Gauging the effects of hydraulic fracturing on the nation’s drinking water is much like considering whether the glass of the precious stuff is half-full or half-empty. When energy companies employ hydraulic fracturing in search of oil and natural gas they should take care, and most of them do, to avoid contamination of nearby reservoirs of drinking water. But the incoming Trump administration must determine again whether there’s an unacceptable risk to supplies of fresh water.
A long-awaited report by the Environmental Protection Agency (EPA) prompts concerned parties to draw their own conclusions from the findings. In it, the agency came to no conclusion about whether hydraulic fracturing, or fracking, poses a “systemic” danger to drinking water. The drilling technique is generally conducted without incident, but there have been a few cases of contamination. In extracting previously unreachable oil and gas resources, fracking pumps a mix of water, sand and chemicals down wells shafts to crack open rock formations and release the oil and gas.
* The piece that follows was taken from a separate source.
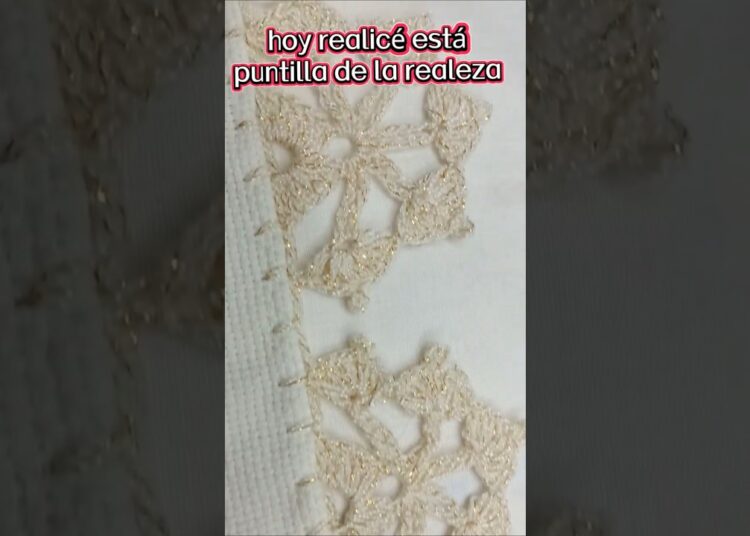 puntilla de la realeza #puntillasfáciles #tejedoras #crochet #hechoamano #tutorial #manualidades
The EPA study says water quality vulnerability occurs when fracking chemicals are spilled on the ground or escape from well shafts to surrounding groundwater, or when the chemicals are mistakenly injected into underground water reservoirs, or when fracking wastewater is stored in unlined pits and seeps into the water table. Those rare exceptions shouldn’t form the basis of a rule. Just days before the EPA’s study was released, U.S. Energy Secretary Ernest Moniz touted the “tremendous economic benefits” of fracking and said objections from opponents have not been science-based.
Environmentalists nonetheless took the study to mean oil and water don’t mix. “The Sierra Club applauds the EPA for its science-based fracking report, confirming what so many already knew; fracking presents a clear and present threat to our water, our public health, and our communities,” says the club’s Lena Moffitt.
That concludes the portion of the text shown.